Although the New Year has dawned, we would be remiss if we didn't take a look back at what transpired in the region's casino realm during the previous 12 months.

The year just passed was a particularly dramatic one, especially for Atlantic City. The gaming halls there not only had to contend with declining income. This was due, in large part, to the still-growing competition in eastern Pennsylvania and the New York City area, but also to Maryland Live!, the first of several planned gambling dens in that state.

Then there was Mother Nature, who, via Superstorm Sandy, caused a costly, multi-day shutdown in the fall.  Adding to the pain from this sucker punch were some major national media outlets (take a bow, ABC News and NBC weather guy Al Roker) that reported, as ABC put it "The iconic Atlantic City Boardwalk has been demolished."

As we all know, Sandy did wash away a section of the Great Wood Way (in the sparsely traveled Inlet section) that was actually slated for demolition, but left the rest of it virtually unscathed.

The town was also rocked by the sudden death in February of Resorts Hotel Casino CEO and co-owner, Dennis Gomes. As Atlantic City’s only executive-level showman and a true industry visionary, his loss was as big for the city at-large as it was for his casino and family.


 When discussing 2012, the big story, of course, was the ongoing trials and tribulations of Revel, the $2.4 billion pleasure dome on the Boardwalk's eastern end that was supposed to usher in a new era of prosperity for AyCee, but whose gaming revenues fell way below even the most conservative projections.

What went wrong will likely be the subject of multiple books one day. For brevity’s sake, let’s just say that miscalculations about the nature—and size—of a potential audience abounded. To open an Atlantic City casino with no buffet (or other low-price eatery), Asian food outlet, multi-tiered players-card system (which is now in effect) or private high-roller lounge simply made no sense.

But this shouldn’t take away from the stunning architectural achievement that is Revel.
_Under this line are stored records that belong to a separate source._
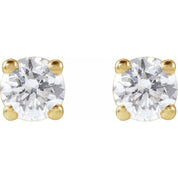 14K Yellow 1/4 CTW Lab-Grown Diamond Stud Earrings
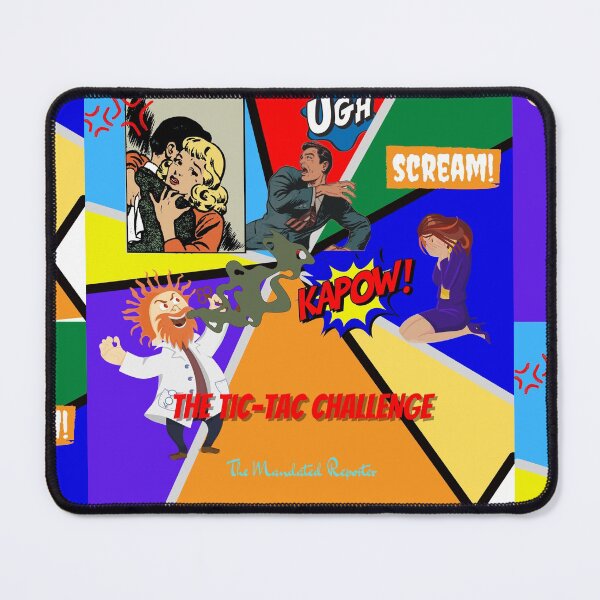 Item preview, Funny Colorful Comic The Tic-Toc Challenge Design designed and sold by TheReporter1.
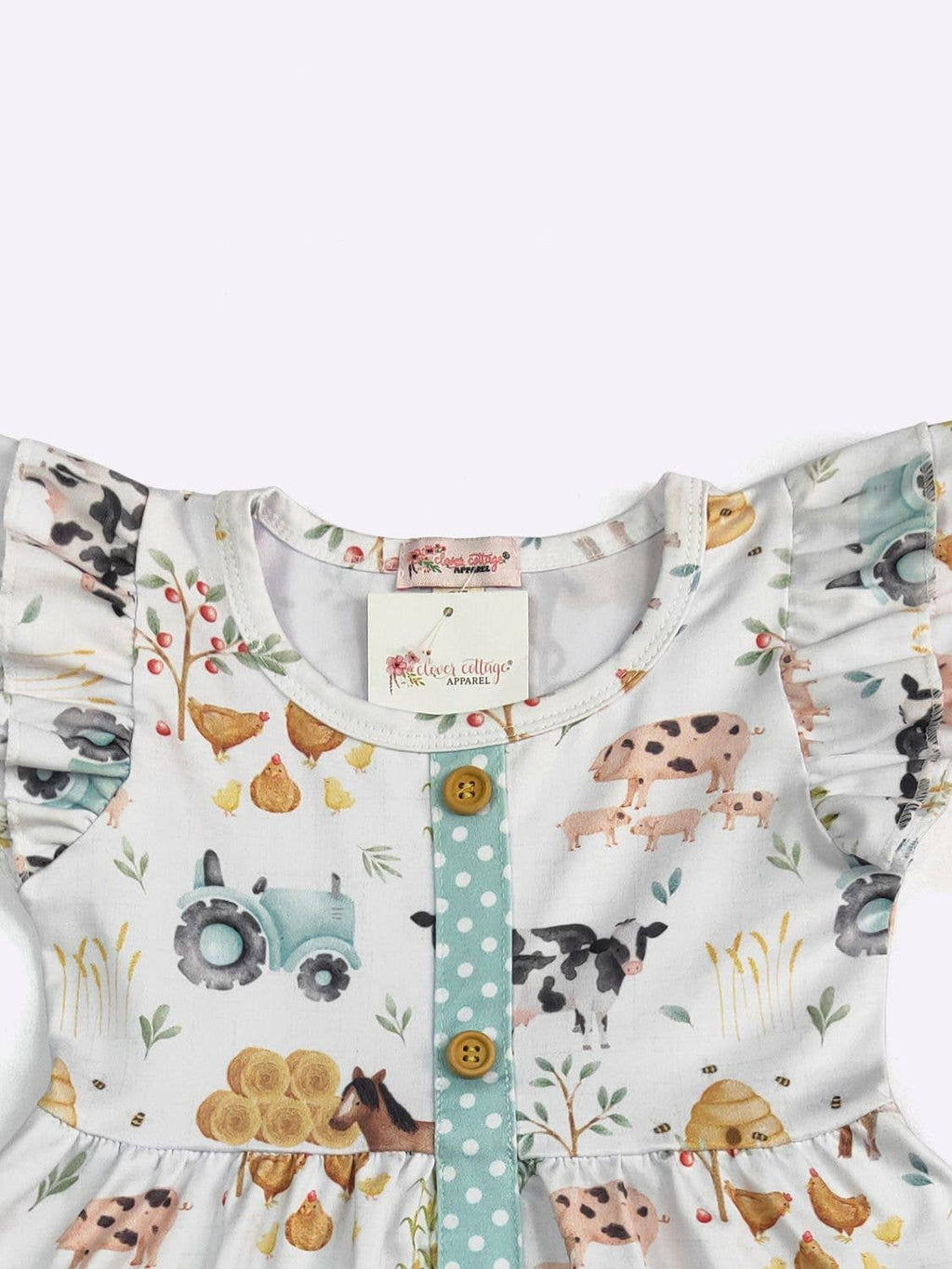 Hobby Farm Fall Girls Dress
Its 6.2 million square feet encompass a one-of-a-kind casino experience, from the sheer size to the theatrical décor of the casino floor to HQ, which has established itself as one of the East Coast’s powerhouse dance clubs. And Revel’s contributions to an already superb dining scene (especially the American Cut steakhouse and Azure, a Mediterranean-oriented seafood house) cannot be overestimated.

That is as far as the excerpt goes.